START Stored data

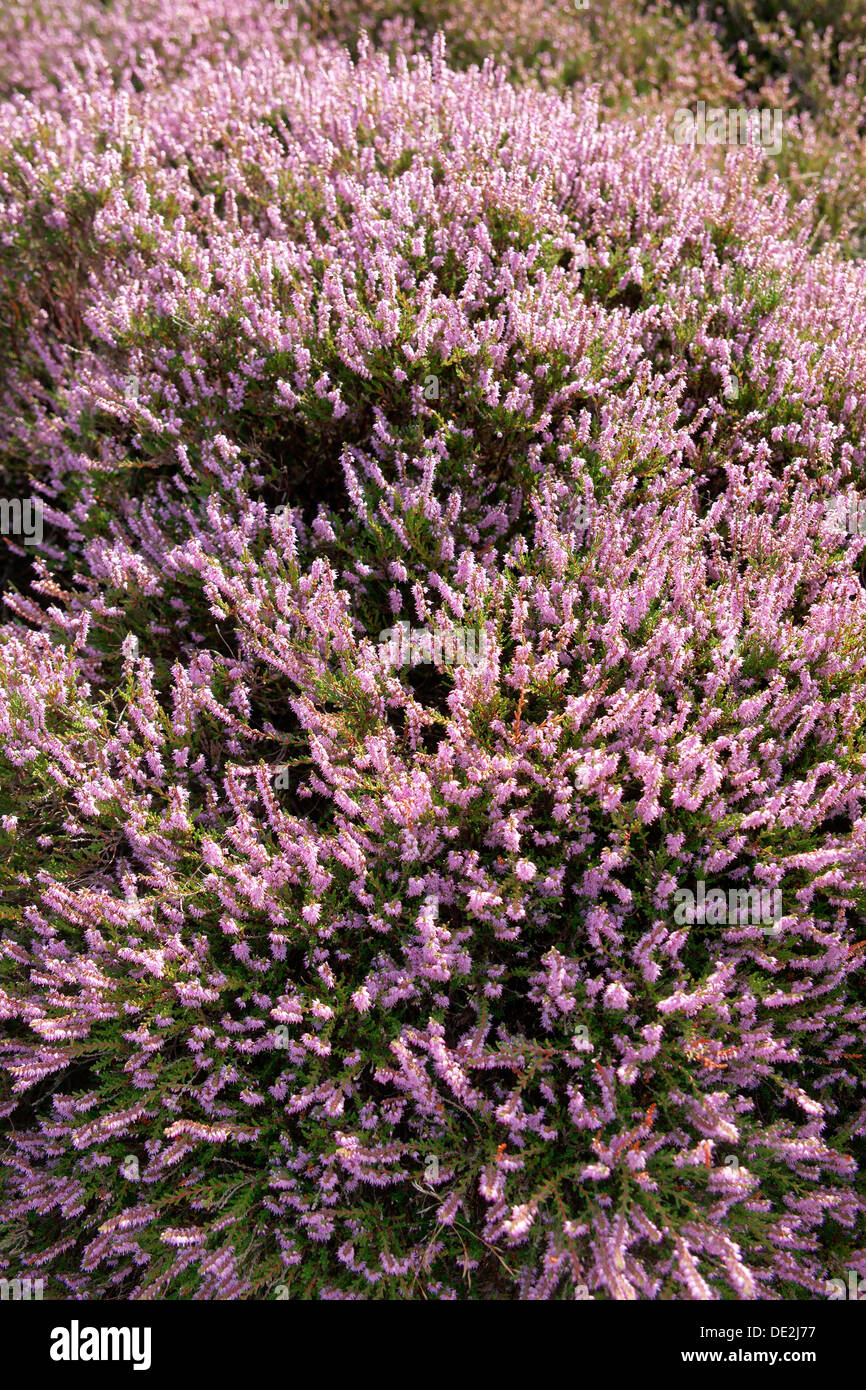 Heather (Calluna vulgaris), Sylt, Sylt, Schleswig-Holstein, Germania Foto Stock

END Stored data
START Stored data

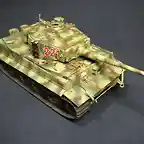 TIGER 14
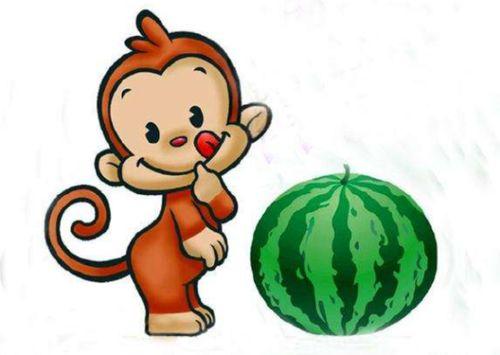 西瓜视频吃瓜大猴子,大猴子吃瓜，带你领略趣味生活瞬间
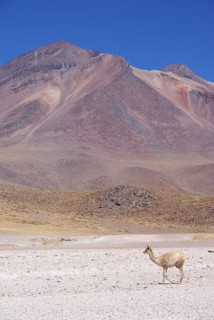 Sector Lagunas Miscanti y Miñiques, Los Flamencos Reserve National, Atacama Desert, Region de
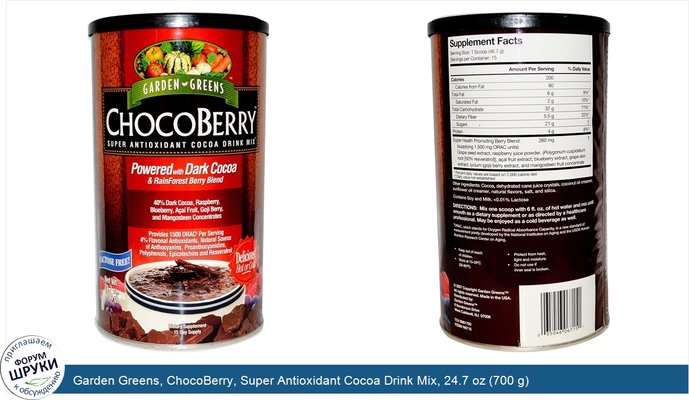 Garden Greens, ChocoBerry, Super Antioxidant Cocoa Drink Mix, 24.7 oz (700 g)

END Stored data

In the data above, take the line with "Sector Lagunas Miscanti", the line with "Garden Greens, ChocoBerry, Super", and every line between, and set them down exactly without pictures.

Answer box
 Sector Lagunas Miscanti y Miñiques, Los Flamencos Reserve National, Atacama Desert, Region de
 Garden Greens, ChocoBerry, Super Antioxidant Cocoa Drink Mix, 24.7 oz (700 g)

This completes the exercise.